When it comes to being clumsy, complicated and unfriendly to local government, there isn't much that beats the 1996 Telecommunications Act, passed by Congress in the name of cutting telecommunications companies loose to do their thing.
In the years since the Act has been law, a couple of things the companies have been busiest doing with their newfound freedom are figuring out how to use the law's preemption of local land-use control to build cell towers across the country, on the one hand; and avoiding payment to local governments for tearing up, using or otherwise encumbering public rights of way, on the other.
The question for local public officials at the moment is whether they want to revisit the Act and try to make it a little more local government-friendly. While the law isn't up for reauthorization right now, there's discussion of reopening it to make changes that would allow the so-called "Baby Bells" to deliver data for Internet service carriers over long-distance phone lines. If that issue is raised, local interests could seek other amendments.
Given what the law has meant so far, one might conclude that local government officials would be anxious for another crack at it. However, the prospect of reopening the issue presents a real dilemma.
Circumstantially, the case for going back in and trying to create more rights for localities might seem to be open and shut. Exhibit A is the nation's capital, where telecom companies have torn up every major street in the city (every one with telecom market potential, at least), leaving the local government holding the bag when it comes to smoothing out the ungodly series of asphalt scars left behind in the cable cuts' wake. Bad for many city taxpayers, good for any business remotely related to realigning the front end of cars. Meanwhile, the city is squaring off with a telecom company interested in putting a huge cell tower atop one of D.C.'s few and cherished hill tops.
Then there are the issues that surround franchise and right-of-way fees. A recent federal court ruling puts local government's ability to collect these fees from telecom companies in some doubt. In AT&T Corp. v. City of Portland (Oregon), the court ruled that high-speed data carried by cable wasn't the same as actual cable service. While that may seem like hair--or wire--splitting of the nerdiest technical and legal sort, the distinction was immediately pounced on by Cox Communications Inc., one of the nation's largest high-speed Internet service providers. Using the federal court's newly minted distinction between cable and Internet service, the company immediately stopped paying cable fees to more than a dozen local governments. It claimed that, under the court's definition, it was only in the Internet access business, not the cable service business.

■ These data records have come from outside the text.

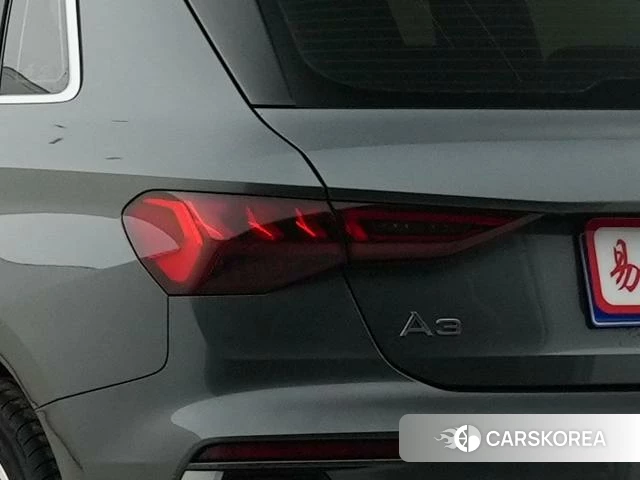 Audi A3 id 4256994 из Китая 14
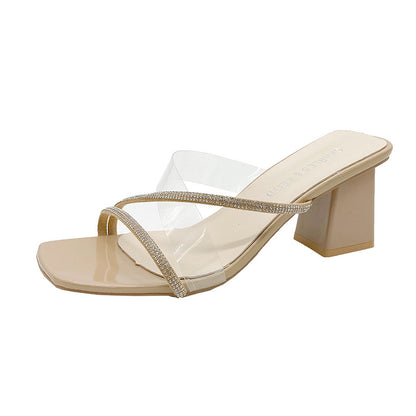 Chic Orthopedic Shoes with Unique Design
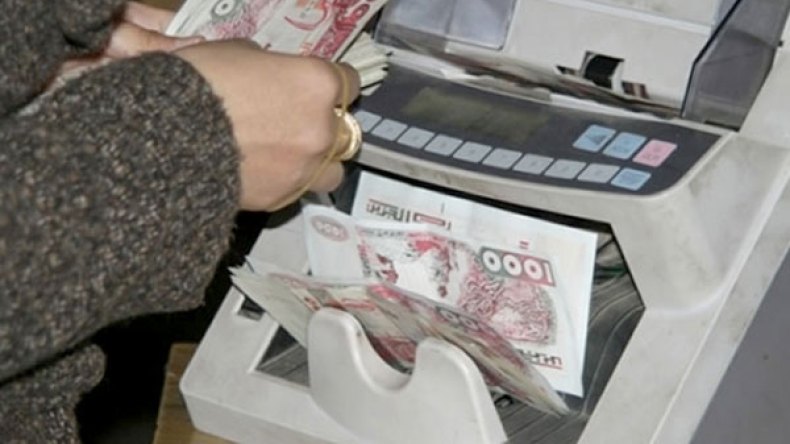 مواطنون يتفاجؤون بسحب أموال مزورة من مراكز البريد!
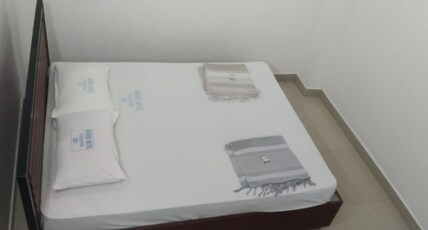 Hotel Sunsign & Hall Room Type - Standard Room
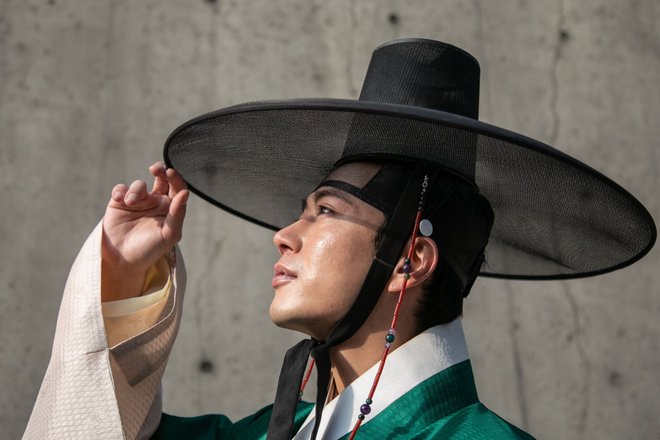 South Korea style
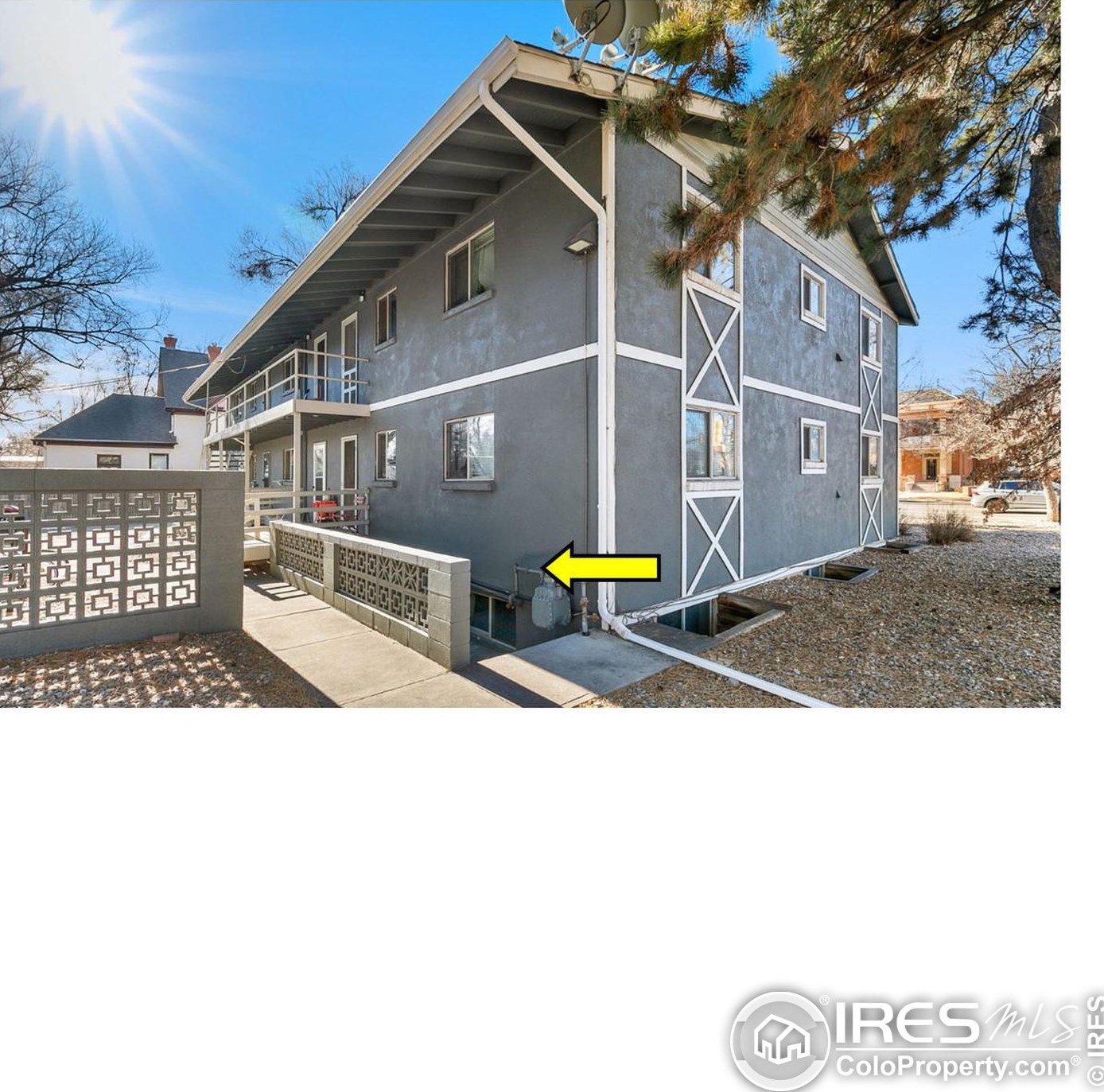 500 Remington St #8, Fort Collins, CO 80524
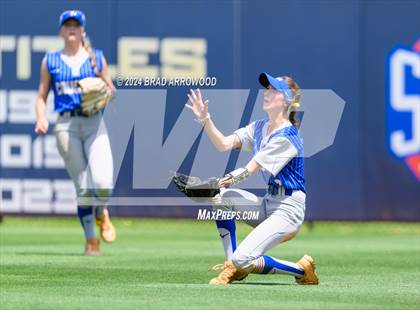 Thumbnail 3 in Midway vs Southwestern Randolph (NCHSAA 2A Final Game 2) photogallery.
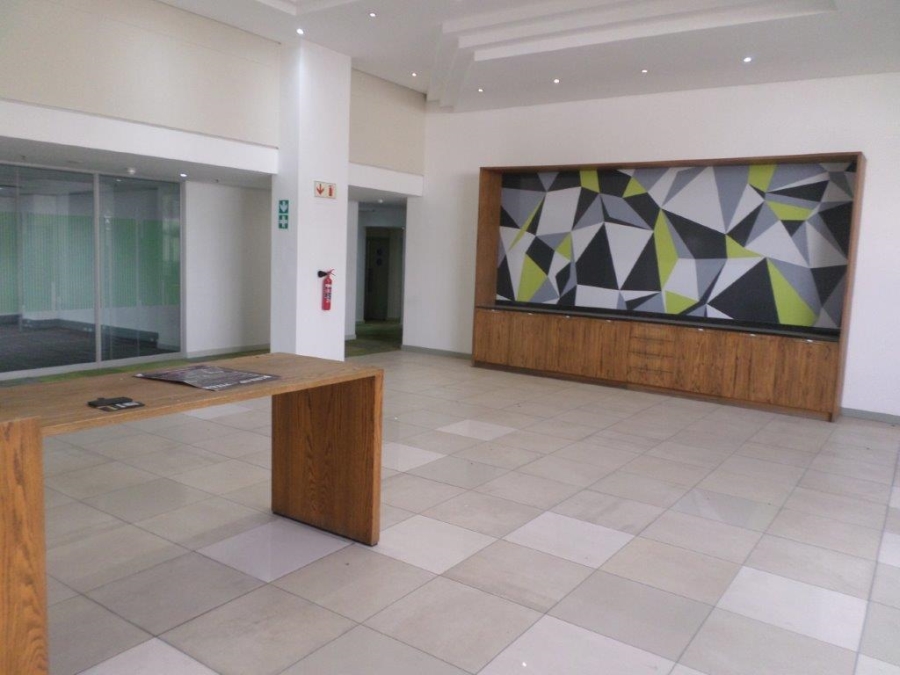 To Let Commercial Property for Rent in Halfway House Gauteng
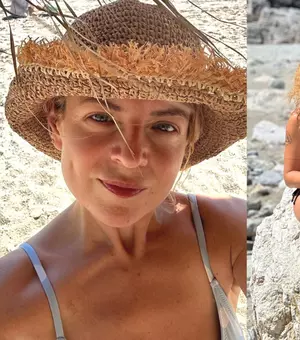 Victoria Raileanu, detalii din vacanța din Grecia cu familia. Ce peripeții a avut în aeroport și cum s-a decurcat cu cei doi copii în deplasare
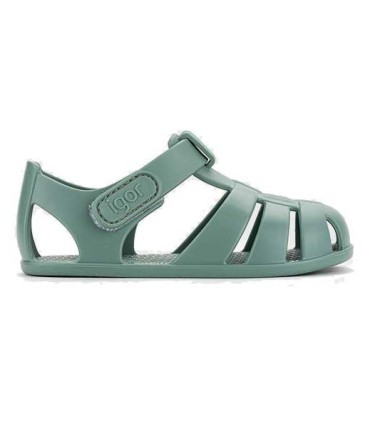 Cangrejera Igor Nemo Solid Verde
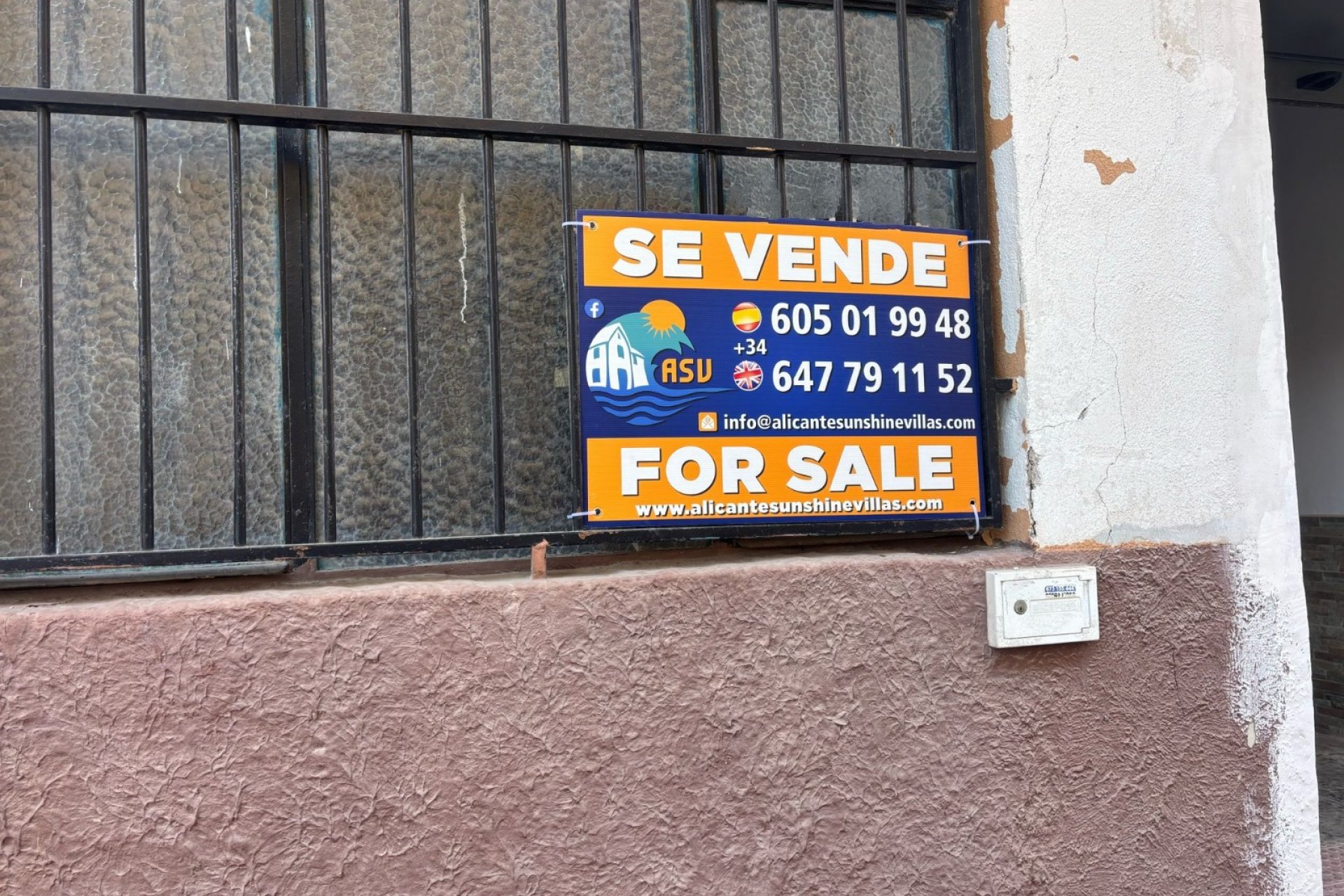 Reventa - Garaje - Sax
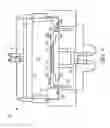Fig. 02 - Thermal pad for etch rate uniformity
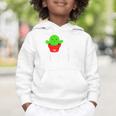 9th Grade Is On Point Cactus Back To School Graphic Toddler Hoodie 9th Grade Is On Point Cactus Back To School Graphic Toddler Hoodie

So given the rather outrageous behavior exhibited by telecoms toward localities, who could doubt the benefits of reopening the 1996 law? Juan Otero, for one. Otero follows telecommunications issues for the National League of Cities, and he's arguing that the devil that localities know may actually be less dangerous than the devil into which the 1996 law might transmogrify should an ever-savvier, wealthier and more powerful telecom industry get to stick its pitchfork deep into the flanks of Congress again.
A safer option, Otero argues, would simply be for local government to start acting a little tougher with the companies on its own. While it's true that, in the five years since the law was passed, many localities have been rolled by telecom interests, quite a few others have held their ground, using the law's lack of clarity and prescription to seize a little leverage.
On the cell-tower front, for example, cities and towns that have enacted tough regulations have found courts more than willing to uphold them. Localities have quite a bit of leeway in determining where these monsters will go and what they'll look like--in fact, whether they'll be built at all. The U.S. Supreme Court recently declined to hear a case involving outright denial of an antenna to a phone company by Newtown Township in Pennsylvania. The upshot of the case: Individual cellular phone companies don't have an absolute right to put up towers in order to complete their coverage of a given area.
In the case of roadwork, this, too, has proved to be a function of how savvy and tough localities are in negotiating things such as right-of-way payments and repaving costs. It is not primarily a function of any explicit deficiency in the 1996 law. In fact, it is the states that present local government with the most serious obstacle in trying to collect this money. It's the states, after all-- not Congress--that essentially dictate to localities what they can tax and at what rates.
What it all amounts to is that localities might want to think twice about any major effort to revisit the 1996 law--assuming they are given any choice in the matter. Indeed, the energy they'd spend battling telecommunication companies nationally might be better spent playing a little intelligent hardball closer to their own backyards.